Thats debatable:Na_Na_Na_Na:


----------



## Daleos89 (Apr 25, 2008)

no...maths is debatable....wether ur actuall a man or not is debatable...this however, is not


----------



## Croc dude (Mar 19, 2008)

*Fuscus*

Howdy.

Sorry - not logged on for a few days.

Check out the Crocodile Specialist Group website, or crocodilian.com. These websites us the currently recognised, or 'official', taxonomy.

The CSG website is: iucncsg.org

See ya,

Colin


----------



## Gaboon (Jun 20, 2005)

Daleos89 said:


> no...maths is debatable....wether ur actuall a man or not is debatable...this however, is not


*Daleos* - Of course you hold authority. Where theres two schools of thought there is a debate even of one is sourced from 'official' information and the other isnt. im not making it up and i very much suspect i know what im on about a little more than you do. I dont think your really grasping what taxonomy is all about these days and how competitive its becoming with the use of new techniques and schematic principles being updated, shuffled etc. The scientific community is always debating this is the essence of science itself, so there really is no official result in any reliable literal sense, unless debating stop as a result is conclusive beyond a shadow of a doubt. This level of conclusiveness can be rare in taxonomy. 

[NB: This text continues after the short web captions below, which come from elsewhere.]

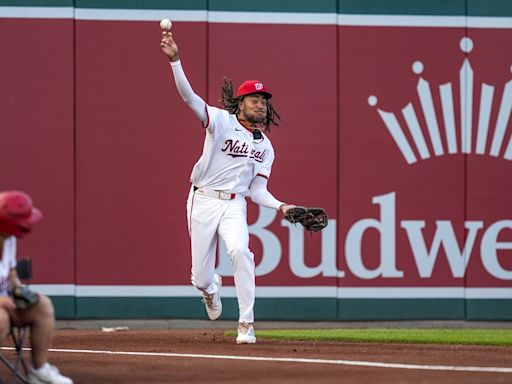 Top prospect James Wood singles in his first major league at-bat for the Nationals against the Mets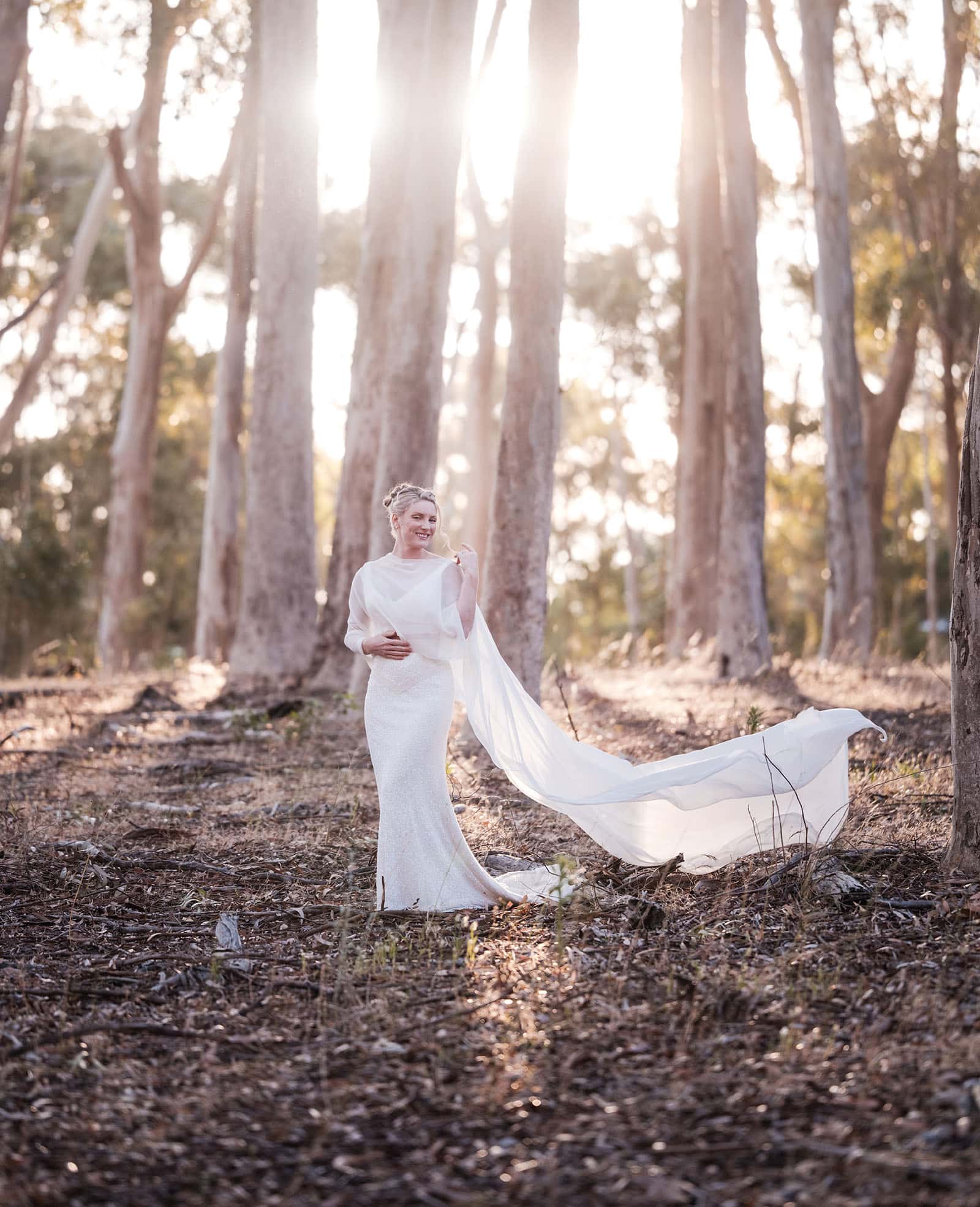belair national park engagement shoot - lindsey & jaden 20 Bride in forest sunlight with flowing veil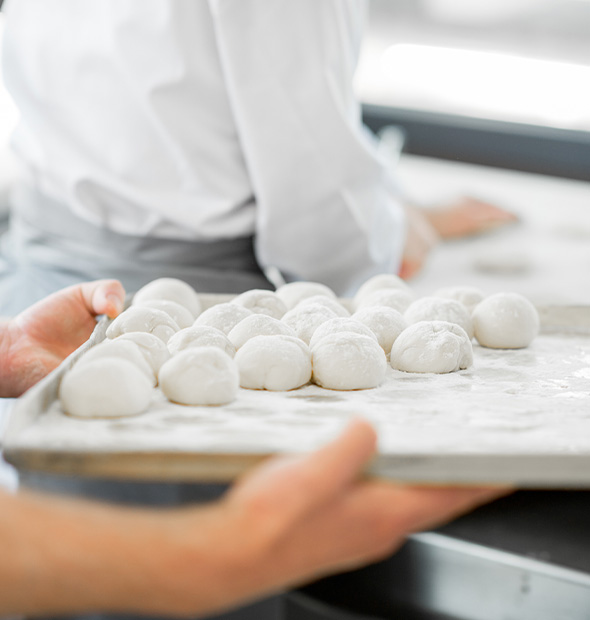 hands holding a tray of small round dough balls on a floured surface in a kitchen setting with a chef in the background preparing food for two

I dont care for getting one over so put you handbag down!

*Colin - *cheers for the second link i was aware of the first but not the second. My source published by academic press says different though it is a few years older than the sites so i guess it could be 'officially wrong' now but i did find a paper stating there is still confusion within the crocodile taxonomy world. Only glanced at it.


----------